Solemnity of the Assumption – August 15th

            Today we celebrate the Solemnity of the Assumption, a dogma defined in 1950 by Venerable Pius XII, with the words: “we pronounce, declare, and define it to be a divinely revealed dogma: that the Immaculate Mother of God, the ever Virgin Mary, having completed the course of her earthly life, was assumed body and soul into heavenly glory.”

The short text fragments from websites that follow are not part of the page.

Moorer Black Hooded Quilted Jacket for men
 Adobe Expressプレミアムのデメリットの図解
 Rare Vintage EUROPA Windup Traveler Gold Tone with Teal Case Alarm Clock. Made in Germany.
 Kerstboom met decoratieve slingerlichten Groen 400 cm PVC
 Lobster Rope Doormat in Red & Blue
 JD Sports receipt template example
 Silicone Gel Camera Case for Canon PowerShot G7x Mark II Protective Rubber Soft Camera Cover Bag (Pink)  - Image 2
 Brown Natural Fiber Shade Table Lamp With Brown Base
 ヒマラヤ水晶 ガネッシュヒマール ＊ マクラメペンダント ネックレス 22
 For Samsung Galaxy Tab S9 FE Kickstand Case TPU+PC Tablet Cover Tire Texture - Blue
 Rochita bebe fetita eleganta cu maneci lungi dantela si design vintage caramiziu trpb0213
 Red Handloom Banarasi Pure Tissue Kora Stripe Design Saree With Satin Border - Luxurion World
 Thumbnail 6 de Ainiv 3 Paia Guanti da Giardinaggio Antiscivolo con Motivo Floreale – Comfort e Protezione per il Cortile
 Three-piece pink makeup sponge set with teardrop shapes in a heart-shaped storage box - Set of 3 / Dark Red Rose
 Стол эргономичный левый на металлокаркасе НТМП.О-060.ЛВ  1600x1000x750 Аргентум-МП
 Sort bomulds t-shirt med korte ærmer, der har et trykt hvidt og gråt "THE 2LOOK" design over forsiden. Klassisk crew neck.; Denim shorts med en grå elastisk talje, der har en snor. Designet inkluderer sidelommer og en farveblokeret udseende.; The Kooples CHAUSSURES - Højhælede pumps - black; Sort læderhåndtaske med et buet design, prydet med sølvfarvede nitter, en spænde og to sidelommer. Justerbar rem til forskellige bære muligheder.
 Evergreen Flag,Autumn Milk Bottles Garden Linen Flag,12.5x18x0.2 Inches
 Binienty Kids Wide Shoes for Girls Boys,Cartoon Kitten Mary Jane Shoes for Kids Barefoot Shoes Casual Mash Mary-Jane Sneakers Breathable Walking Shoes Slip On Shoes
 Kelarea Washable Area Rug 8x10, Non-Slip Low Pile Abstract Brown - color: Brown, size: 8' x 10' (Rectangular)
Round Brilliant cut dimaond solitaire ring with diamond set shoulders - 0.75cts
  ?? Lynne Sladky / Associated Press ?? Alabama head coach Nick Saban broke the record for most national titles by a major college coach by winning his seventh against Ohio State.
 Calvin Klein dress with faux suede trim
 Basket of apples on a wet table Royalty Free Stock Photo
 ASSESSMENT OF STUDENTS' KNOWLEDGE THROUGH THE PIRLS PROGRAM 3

            Throughout the Fathers of the Church, through the Scholastic doctors, even down to our day, the near unanimous tradition was that Mary’s body never saw corruption and that, instead of it decomposing, Christ brought it, together with her soul, to heaven so that Mary’s joy might be complete. This protection of her body from corruption is a special privilege of the Blessed Mother, like her perpetual virginity and her Immaculate Conception. On one hand, this makes complete sense, because Jesus took His human nature and human body from Mary, and so it would be unfitting for her body to return to the dust. Likewise, Saint Francis de Sales noted that Jesus was a most devoted and obedient son, and asked: “What son wouldn’t take his mother to heaven if he could?”

            The Solemnity of the Assumption should fill us with hope and confidence, as Saint Paul tells us in the second reading: “the last enemy to be destroyed is death.” In preserving Mary’s body from corruption, we see the power of Christ the King, whose enemies have already been defeated. The solemnity of the Assumption also means that we have “one of our own” who sits next to Jesus as queen, the ever-present intercessor who never ceases to pray for us. This celebration should also bring us to think “of what is above,” as Saint Paul tells the Colossians (3:2), namely, Christ and His Mother, whose beauty far surpasses the angels. In fact, as Saint Bernadette wrote, “My Lady is beautiful, beautiful beyond compare; so beautiful that when one has seen her once, one would wish to die so as to see her again; so beautiful that when one has seen her, one can no longer love anything earthly.”

            On this feast of the Assumption, let us pray, through the intercession of Our Lady of the Assumption, for the grace to “think of what it above,” our Lord Jesus and His Blessed Mother, and so strive to enter into heaven with them at the end of our days.